START Given information
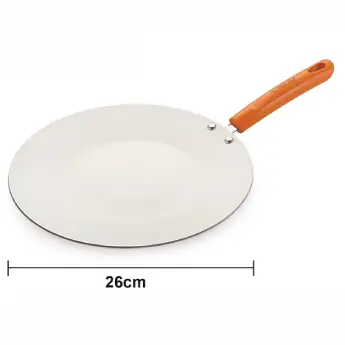 Concave Tawa NIRLON CT - 260 mm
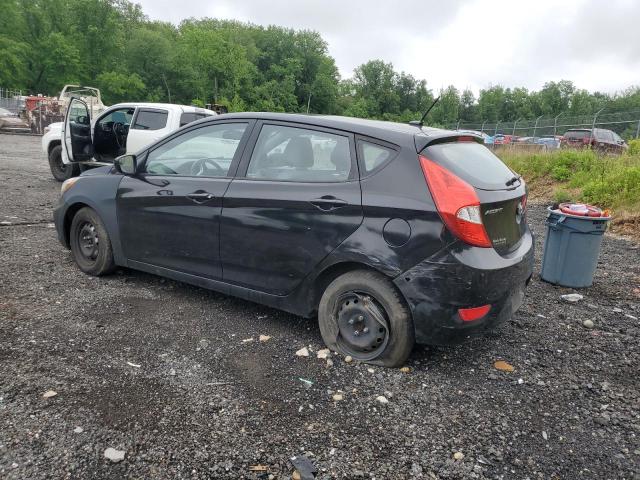 Vin: kmhct5ae9eu188833, lot: 57051885, hyundai accent gls 20142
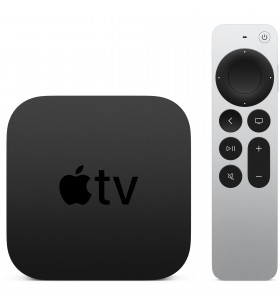 Apple  TV, client de streaming (negru, 32 GB)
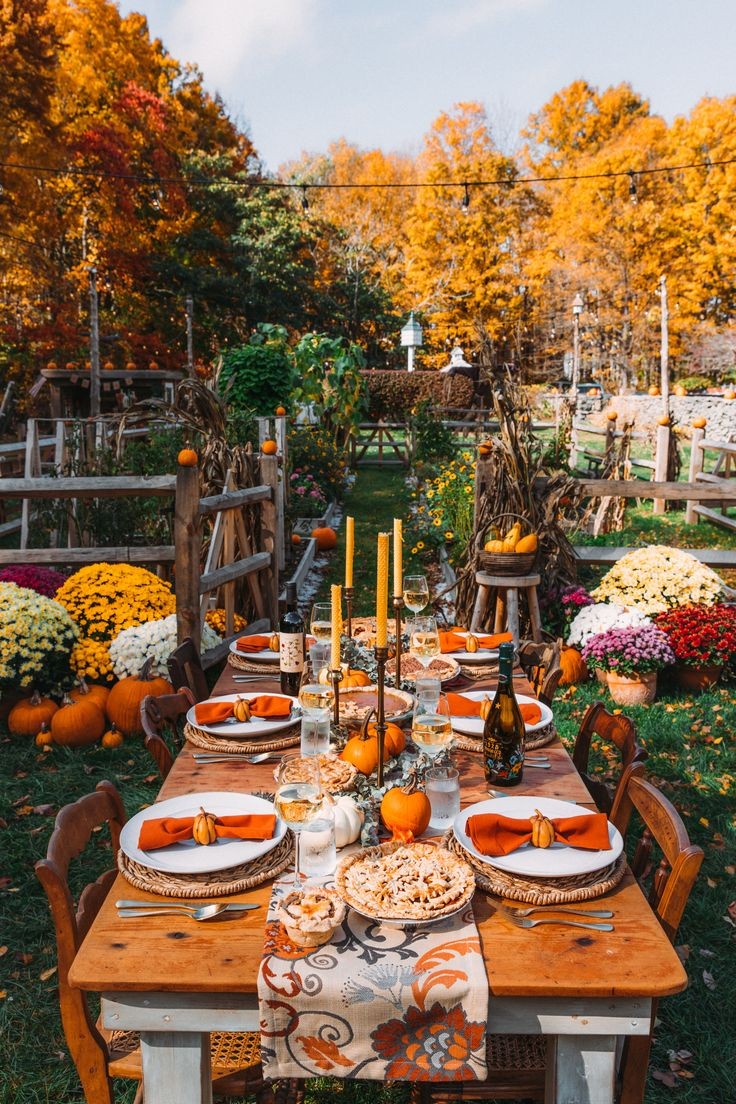 Infinitydecor0's tweet image. Beautiful Autumn decorations  😍

#fall #autumnvibes #decor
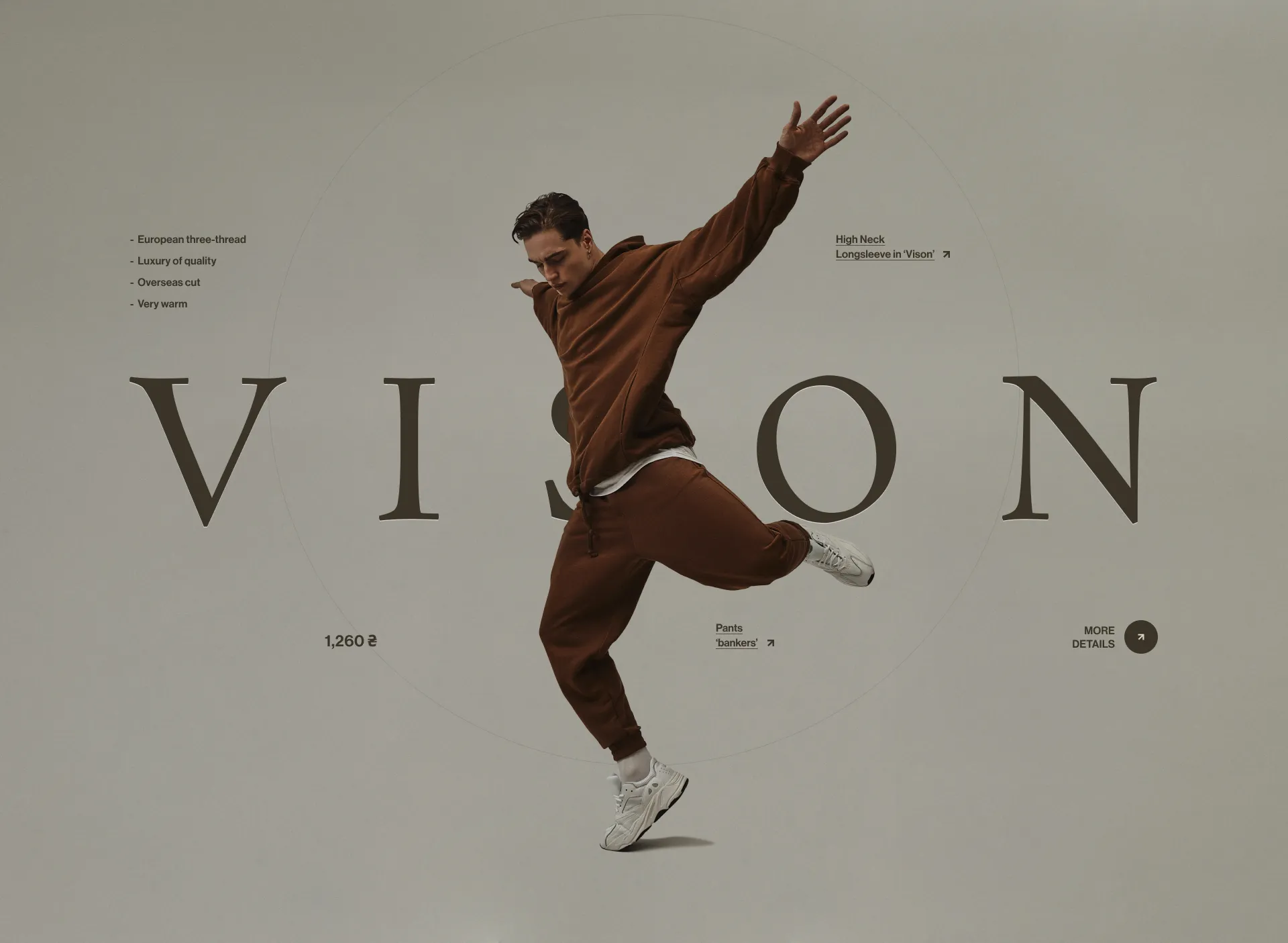 ZOHO© Clothing — image 12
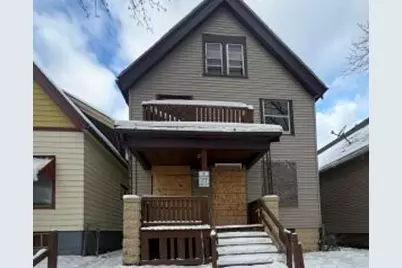 3613 N 11th St, Milwaukee, WI 53206 - Photo 1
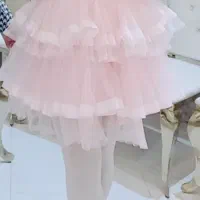 پیراهن مجلسی دخترانه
END Given information
_Exercise:_
Nothing but the records, restated word for word and stripped of images, belongs in the answer.

_Exercise response:_
 Concave Tawa NIRLON CT - 260 mm
 Vin: kmhct5ae9eu188833, lot: 57051885, hyundai accent gls 20142
 Apple  TV, client de streaming (negru, 32 GB)
 Infinitydecor0's tweet image. Beautiful Autumn decorations  😍

#fall #autumnvibes #decor
 ZOHO© Clothing — image 12
 3613 N 11th St, Milwaukee, WI 53206 - Photo 1
 پیراهن مجلسی دخترانه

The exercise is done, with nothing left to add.